Starting at the top of the entries below, set down each line exactly as written, and stop after the line containing "istock Cheerful entrepreneurs".

▶ [SUPPLIED DATA]
* * *

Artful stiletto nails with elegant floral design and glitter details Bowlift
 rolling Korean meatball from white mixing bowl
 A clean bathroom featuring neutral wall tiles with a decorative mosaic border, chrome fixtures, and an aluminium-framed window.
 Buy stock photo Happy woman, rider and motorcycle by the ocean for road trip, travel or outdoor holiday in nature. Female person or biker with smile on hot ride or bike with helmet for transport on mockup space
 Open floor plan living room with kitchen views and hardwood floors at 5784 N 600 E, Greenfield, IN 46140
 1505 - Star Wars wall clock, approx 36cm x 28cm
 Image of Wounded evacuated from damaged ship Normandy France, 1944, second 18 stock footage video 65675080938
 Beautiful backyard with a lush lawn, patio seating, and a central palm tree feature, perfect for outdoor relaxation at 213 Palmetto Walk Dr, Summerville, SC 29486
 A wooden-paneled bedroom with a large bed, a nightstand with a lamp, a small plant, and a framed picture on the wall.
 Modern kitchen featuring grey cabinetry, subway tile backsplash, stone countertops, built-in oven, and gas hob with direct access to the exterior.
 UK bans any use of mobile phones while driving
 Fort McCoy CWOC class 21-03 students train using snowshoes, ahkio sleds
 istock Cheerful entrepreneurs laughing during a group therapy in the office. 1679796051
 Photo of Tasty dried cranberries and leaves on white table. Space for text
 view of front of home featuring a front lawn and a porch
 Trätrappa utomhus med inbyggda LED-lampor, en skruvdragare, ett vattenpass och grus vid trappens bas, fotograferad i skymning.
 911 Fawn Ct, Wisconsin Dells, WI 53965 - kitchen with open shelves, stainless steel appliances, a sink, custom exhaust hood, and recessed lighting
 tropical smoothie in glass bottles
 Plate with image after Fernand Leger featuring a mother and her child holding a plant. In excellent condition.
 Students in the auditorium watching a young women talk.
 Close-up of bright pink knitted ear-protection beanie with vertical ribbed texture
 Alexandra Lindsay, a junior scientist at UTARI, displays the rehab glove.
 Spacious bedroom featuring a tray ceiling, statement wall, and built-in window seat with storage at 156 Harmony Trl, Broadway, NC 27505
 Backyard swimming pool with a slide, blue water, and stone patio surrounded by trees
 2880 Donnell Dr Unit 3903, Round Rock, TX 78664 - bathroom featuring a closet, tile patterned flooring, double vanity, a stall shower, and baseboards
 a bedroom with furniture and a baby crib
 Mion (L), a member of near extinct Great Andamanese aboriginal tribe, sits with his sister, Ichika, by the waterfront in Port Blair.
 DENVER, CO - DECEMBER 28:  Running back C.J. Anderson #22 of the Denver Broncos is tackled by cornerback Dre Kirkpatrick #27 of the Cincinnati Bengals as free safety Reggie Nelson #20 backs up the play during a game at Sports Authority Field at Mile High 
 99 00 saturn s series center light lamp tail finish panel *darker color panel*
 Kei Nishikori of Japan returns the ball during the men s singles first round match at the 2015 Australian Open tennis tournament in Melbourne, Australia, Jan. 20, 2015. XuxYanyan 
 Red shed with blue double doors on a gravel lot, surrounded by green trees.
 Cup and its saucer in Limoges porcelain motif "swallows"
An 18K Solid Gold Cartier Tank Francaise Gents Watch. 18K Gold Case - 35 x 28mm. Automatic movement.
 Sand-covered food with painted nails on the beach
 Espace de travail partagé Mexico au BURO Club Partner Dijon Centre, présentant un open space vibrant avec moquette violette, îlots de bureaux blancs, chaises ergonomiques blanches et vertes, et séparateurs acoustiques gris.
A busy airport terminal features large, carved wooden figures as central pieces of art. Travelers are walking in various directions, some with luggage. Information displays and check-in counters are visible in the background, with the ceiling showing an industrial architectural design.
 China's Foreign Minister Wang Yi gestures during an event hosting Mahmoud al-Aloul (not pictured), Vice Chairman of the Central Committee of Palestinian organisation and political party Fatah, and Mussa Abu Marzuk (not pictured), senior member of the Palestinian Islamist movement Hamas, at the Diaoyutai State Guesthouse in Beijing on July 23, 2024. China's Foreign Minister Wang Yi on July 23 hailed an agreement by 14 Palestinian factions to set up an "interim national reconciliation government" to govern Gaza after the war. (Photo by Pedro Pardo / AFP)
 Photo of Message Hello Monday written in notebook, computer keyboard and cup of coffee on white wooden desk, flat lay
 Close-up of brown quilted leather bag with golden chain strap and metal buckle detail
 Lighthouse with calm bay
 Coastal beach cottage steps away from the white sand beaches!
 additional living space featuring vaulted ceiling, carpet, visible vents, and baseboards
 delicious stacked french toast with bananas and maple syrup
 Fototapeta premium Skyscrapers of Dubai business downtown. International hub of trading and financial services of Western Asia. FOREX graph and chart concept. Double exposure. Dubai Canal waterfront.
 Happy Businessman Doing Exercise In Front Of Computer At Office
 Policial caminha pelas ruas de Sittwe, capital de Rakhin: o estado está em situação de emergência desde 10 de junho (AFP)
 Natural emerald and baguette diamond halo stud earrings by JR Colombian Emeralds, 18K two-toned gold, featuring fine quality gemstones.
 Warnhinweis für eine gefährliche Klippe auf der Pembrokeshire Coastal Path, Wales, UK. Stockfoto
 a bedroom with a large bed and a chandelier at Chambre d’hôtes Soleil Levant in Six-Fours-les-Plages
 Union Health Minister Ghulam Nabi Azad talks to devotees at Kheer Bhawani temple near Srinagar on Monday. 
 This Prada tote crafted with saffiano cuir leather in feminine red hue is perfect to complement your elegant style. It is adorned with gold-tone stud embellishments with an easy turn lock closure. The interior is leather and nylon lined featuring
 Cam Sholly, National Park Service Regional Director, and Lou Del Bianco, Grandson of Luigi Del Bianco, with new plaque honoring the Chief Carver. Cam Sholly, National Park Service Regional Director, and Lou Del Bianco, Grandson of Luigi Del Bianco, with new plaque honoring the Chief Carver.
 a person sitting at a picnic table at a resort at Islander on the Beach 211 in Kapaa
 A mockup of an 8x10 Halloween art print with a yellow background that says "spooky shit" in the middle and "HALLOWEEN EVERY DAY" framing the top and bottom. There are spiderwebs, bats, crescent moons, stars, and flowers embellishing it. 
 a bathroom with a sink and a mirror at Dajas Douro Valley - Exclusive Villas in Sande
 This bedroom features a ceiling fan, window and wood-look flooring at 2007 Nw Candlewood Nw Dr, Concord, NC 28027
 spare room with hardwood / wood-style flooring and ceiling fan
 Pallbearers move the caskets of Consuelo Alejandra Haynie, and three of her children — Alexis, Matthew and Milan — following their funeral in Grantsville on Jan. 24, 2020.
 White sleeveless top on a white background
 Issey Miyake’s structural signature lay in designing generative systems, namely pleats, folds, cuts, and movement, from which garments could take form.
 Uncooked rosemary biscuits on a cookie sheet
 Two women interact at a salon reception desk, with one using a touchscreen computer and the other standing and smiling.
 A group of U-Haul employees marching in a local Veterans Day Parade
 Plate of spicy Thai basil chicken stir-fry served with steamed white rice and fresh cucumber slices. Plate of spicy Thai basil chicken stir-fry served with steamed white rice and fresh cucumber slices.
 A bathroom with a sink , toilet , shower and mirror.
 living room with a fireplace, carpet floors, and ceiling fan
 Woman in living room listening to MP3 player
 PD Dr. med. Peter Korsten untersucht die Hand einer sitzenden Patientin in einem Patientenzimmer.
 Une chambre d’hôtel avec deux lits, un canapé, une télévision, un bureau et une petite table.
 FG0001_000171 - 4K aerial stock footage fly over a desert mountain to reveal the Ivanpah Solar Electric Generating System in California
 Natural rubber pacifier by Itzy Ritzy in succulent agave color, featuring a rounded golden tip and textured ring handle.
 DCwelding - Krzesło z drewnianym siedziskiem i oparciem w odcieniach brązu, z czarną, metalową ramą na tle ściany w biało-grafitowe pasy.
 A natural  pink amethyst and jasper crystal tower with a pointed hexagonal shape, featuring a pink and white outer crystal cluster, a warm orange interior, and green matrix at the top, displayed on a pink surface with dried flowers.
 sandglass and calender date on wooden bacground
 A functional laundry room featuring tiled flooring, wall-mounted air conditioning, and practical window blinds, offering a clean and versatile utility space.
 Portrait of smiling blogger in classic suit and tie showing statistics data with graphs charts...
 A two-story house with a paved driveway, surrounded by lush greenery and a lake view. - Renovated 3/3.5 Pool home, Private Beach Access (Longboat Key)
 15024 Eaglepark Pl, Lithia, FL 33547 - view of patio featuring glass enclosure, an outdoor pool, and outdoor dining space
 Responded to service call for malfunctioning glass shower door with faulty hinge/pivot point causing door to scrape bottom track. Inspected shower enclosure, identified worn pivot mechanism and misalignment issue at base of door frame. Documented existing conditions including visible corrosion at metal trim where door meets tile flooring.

* * *

▶ [OUTPUT FOR THIS EXERCISE]
Artful stiletto nails with elegant floral design and glitter details Bowlift
 rolling Korean meatball from white mixing bowl
 A clean bathroom featuring neutral wall tiles with a decorative mosaic border, chrome fixtures, and an aluminium-framed window.
 Buy stock photo Happy woman, rider and motorcycle by the ocean for road trip, travel or outdoor holiday in nature. Female person or biker with smile on hot ride or bike with helmet for transport on mockup space
 Open floor plan living room with kitchen views and hardwood floors at 5784 N 600 E, Greenfield, IN 46140
 1505 - Star Wars wall clock, approx 36cm x 28cm
 Image of Wounded evacuated from damaged ship Normandy France, 1944, second 18 stock footage video 65675080938
 Beautiful backyard with a lush lawn, patio seating, and a central palm tree feature, perfect for outdoor relaxation at 213 Palmetto Walk Dr, Summerville, SC 29486
 A wooden-paneled bedroom with a large bed, a nightstand with a lamp, a small plant, and a framed picture on the wall.
 Modern kitchen featuring grey cabinetry, subway tile backsplash, stone countertops, built-in oven, and gas hob with direct access to the exterior.
 UK bans any use of mobile phones while driving
 Fort McCoy CWOC class 21-03 students train using snowshoes, ahkio sleds
 istock Cheerful entrepreneurs laughing during a group therapy in the office. 1679796051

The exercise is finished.